(Excerpts from a dataset)
::::

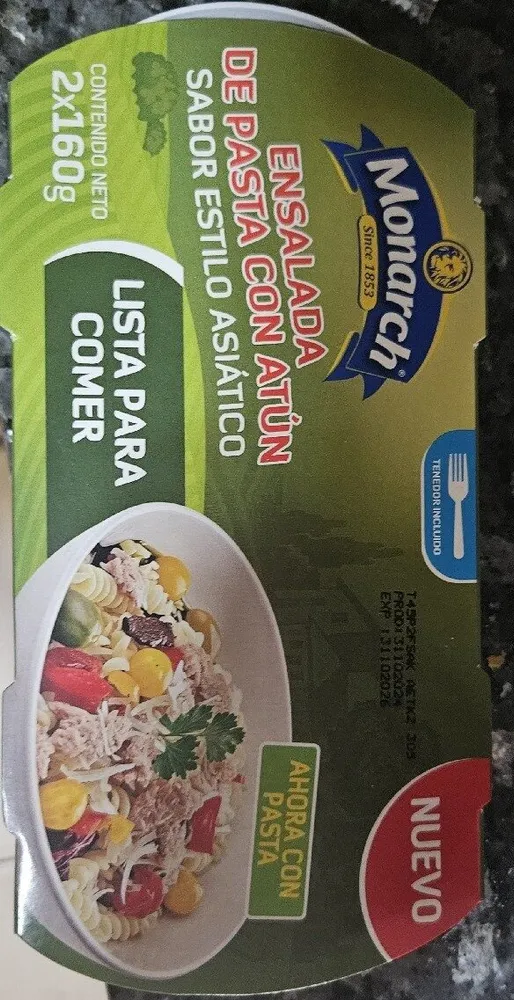 Ensalada De Pasta Con Atun Estilo Asiatico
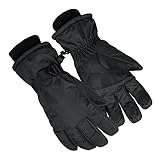 Hohe Qualität Winter Schnee Skihandschuhe Frauen Männer Touchscreen Wasserdicht for Schneemobil Skifahren Fahren Motorrad Reiten Radfahren Wandern für Lauf-Wander-Ski ( Color : Black , Size : XXL )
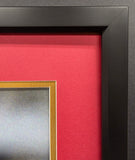 Merton Hanks "San Francisco 49ers" Autographed 16x20 Photo framed. Beckett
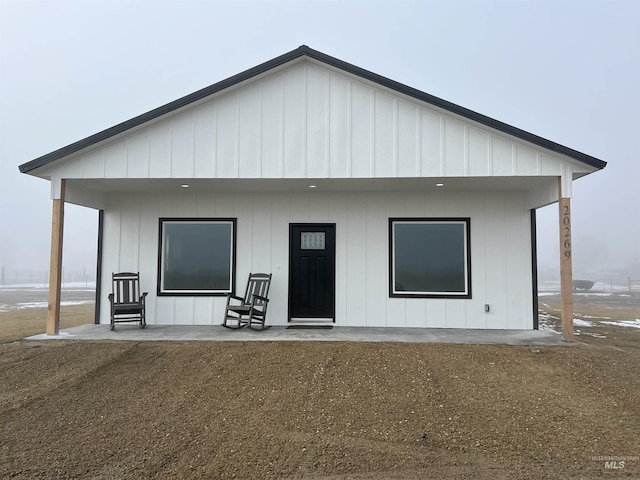 view of rear view of house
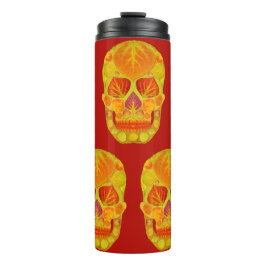 Aspen Leaf Skull 13 Thermosbecher
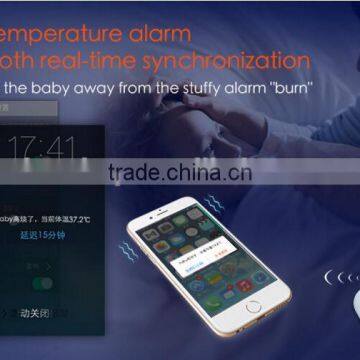 New Bluetooth Smart Thermometer With High Temporature Alarm, Wearable Electric Thermometer for Baby photo-4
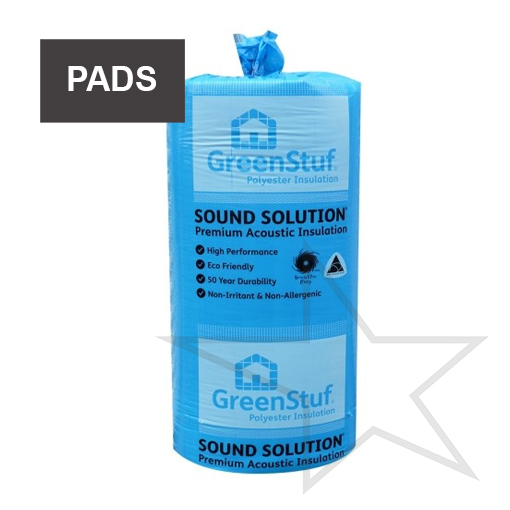 Product photo of Autex Greenstuf Polyester Sound Solution Acoustic Pads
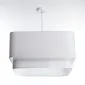 Lampa wisząca KWADRO DUO 010 51x47cm biała minimalistyczna I sklep meblowy MIRAT.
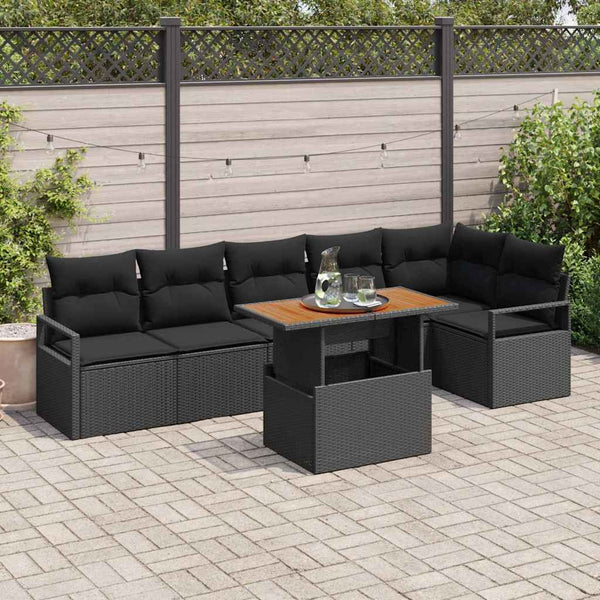 Tuin Eetset Met Kussen 7 Pcs 100 X 55 X 73 Cm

::::

◆ Problem
Output all the data, exactly, without images.

◆ Answer space
 Ensalada De Pasta Con Atun Estilo Asiatico
 Hohe Qualität Winter Schnee Skihandschuhe Frauen Männer Touchscreen Wasserdicht for Schneemobil Skifahren Fahren Motorrad Reiten Radfahren Wandern für Lauf-Wander-Ski ( Color : Black , Size : XXL )
 Merton Hanks "San Francisco 49ers" Autographed 16x20 Photo framed. Beckett
 view of rear view of house
 Aspen Leaf Skull 13 Thermosbecher
 New Bluetooth Smart Thermometer With High Temporature Alarm, Wearable Electric Thermometer for Baby photo-4
 Product photo of Autex Greenstuf Polyester Sound Solution Acoustic Pads
 Lampa wisząca KWADRO DUO 010 51x47cm biała minimalistyczna I sklep meblowy MIRAT.
 Tuin Eetset Met Kussen 7 Pcs 100 X 55 X 73 Cm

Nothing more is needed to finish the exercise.